* _Work to complete_
Please give all of the data again, character for character, and drop the pictures.
[[ Collected material open ]]
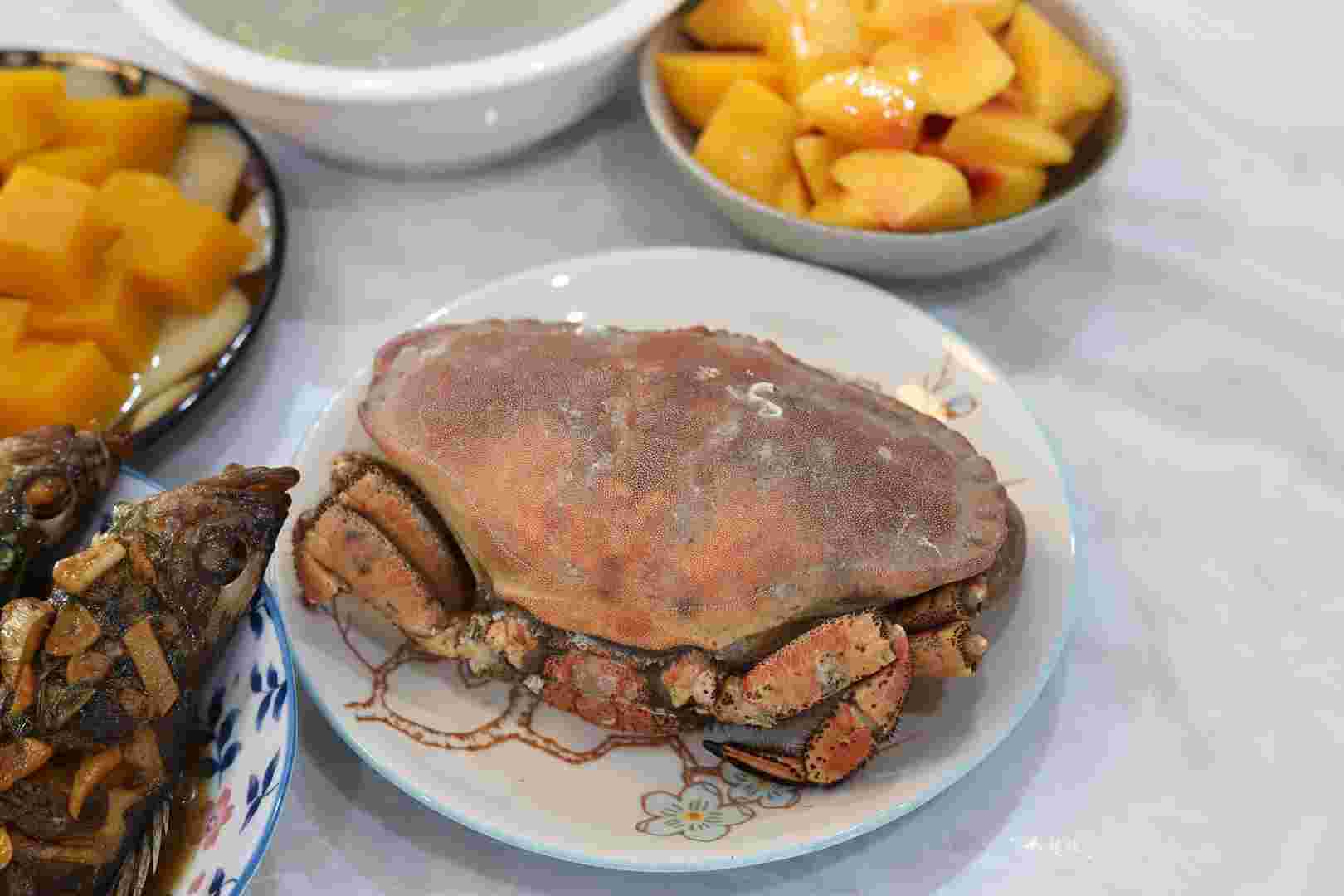 周末给家里学生准备的中餐，比学校里丰盛，干净营养，合孩子胃口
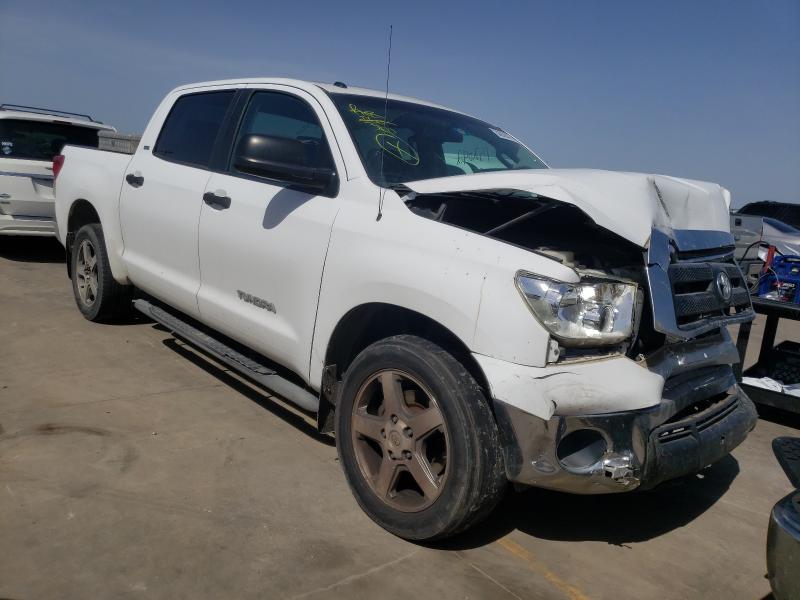 TOYOTA TUNDRA 2010 5tfem5f16ax012069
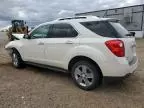 2013 Chevrolet Equinox LTZ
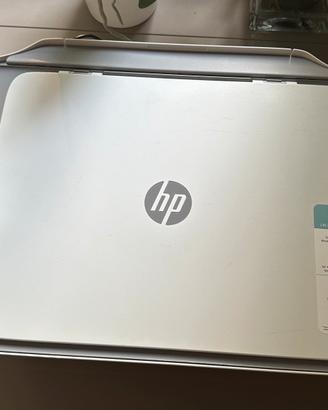 Stampante Hp Desk Jet 2700 WI-FI /Scanner/Copiatri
[[ Collected material closed ]]
* _Result for this exercise_
 周末给家里学生准备的中餐，比学校里丰盛，干净营养，合孩子胃口
 TOYOTA TUNDRA 2010 5tfem5f16ax012069
 2013 Chevrolet Equinox LTZ
 Stampante Hp Desk Jet 2700 WI-FI /Scanner/Copiatri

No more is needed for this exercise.